Creative Commons License

Sarigil E., Altingovde I. S. , BLANCO R., Barla Cambazoglu B., ÖZCAN R., Ulusoy O.

JOURNAL OF THE ASSOCIATION FOR INFORMATION SCIENCE AND TECHNOLOGY, vol.69, no.2, pp.256-270, 2018 (Journal Indexed in SCI) identifier identifier

  • Publication Type: Article / Article
  • Volume: 69 Issue: 2
  • Publication Date: 2018
  • Doi Number: 10.1002/asi.23955
  • Title of Journal : JOURNAL OF THE ASSOCIATION FOR INFORMATION SCIENCE AND TECHNOLOGY
  • Page Numbers: pp.256-270

Abstract

A non-negligible fraction of user queries end up with very few or even no matching results in leading commercial web search engines. In this work, we provide a detailed characterization of such queries and show that search engines try to improve such queries by showing the results of related queries.
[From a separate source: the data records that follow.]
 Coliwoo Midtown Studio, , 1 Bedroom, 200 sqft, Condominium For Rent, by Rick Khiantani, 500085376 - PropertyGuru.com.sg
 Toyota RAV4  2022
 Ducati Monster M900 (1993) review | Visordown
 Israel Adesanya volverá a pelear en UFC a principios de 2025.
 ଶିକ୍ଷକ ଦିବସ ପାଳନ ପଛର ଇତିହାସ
Through a user study, we show that these query suggestions are usually perceived as relevant. Also, through a query log analysis, we show that the users are dissatisfied after submitting a query that match no results at least 88.5% of the time. As a first step towards solving these no-answer queries, we devised a large number of features that can be used to identify such queries and built machine-learning models. These models can be useful for scenarios such as the mobile- or meta-search, where identifying a query that will retrieve no results at the client device (i.e., even before submitting it to the search engine) may yield gains in terms of the bandwidth usage, power consumption, and/or monetary costs. Experiments over query logs indicate that, despite the heavy skew in class sizes, our models achieve good prediction quality, with accuracy (in terms of area under the curve) up to 0.95.